> **EXERCISE OBJECTIVE**: Copy the material below verbatim from the line with "Ricardo Salinas Pliego" to the line with "Hotelli Napfürdő Vendégház", both lines included, omitting pictures and every line outside that range.

── GIVEN DATA

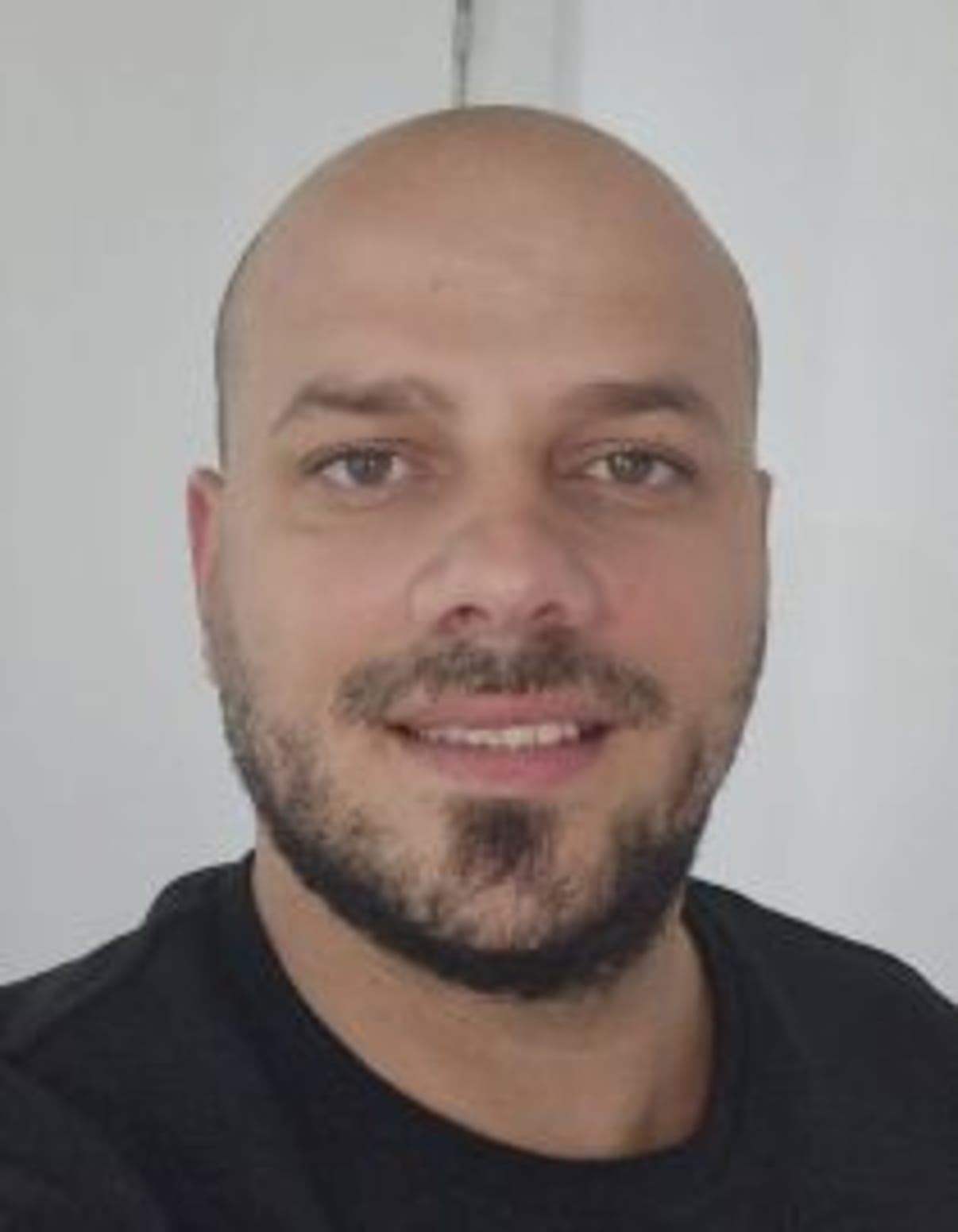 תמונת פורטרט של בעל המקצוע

────
── GIVEN DATA

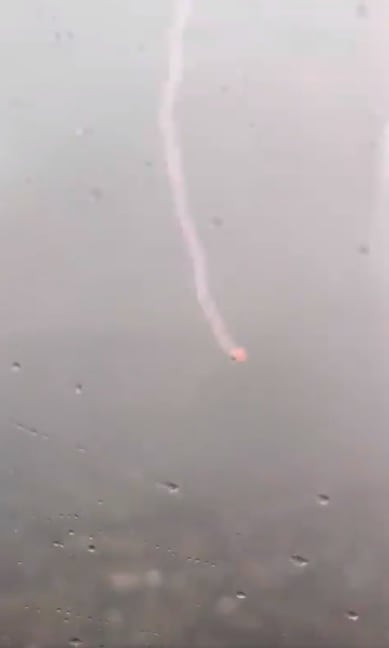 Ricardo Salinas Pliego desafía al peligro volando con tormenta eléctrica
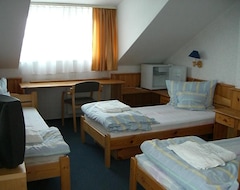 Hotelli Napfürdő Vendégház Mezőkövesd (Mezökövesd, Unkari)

────

> **EXERCISE RESPONSE**:
 Ricardo Salinas Pliego desafía al peligro volando con tormenta eléctrica
 Hotelli Napfürdő Vendégház Mezőkövesd (Mezökövesd, Unkari)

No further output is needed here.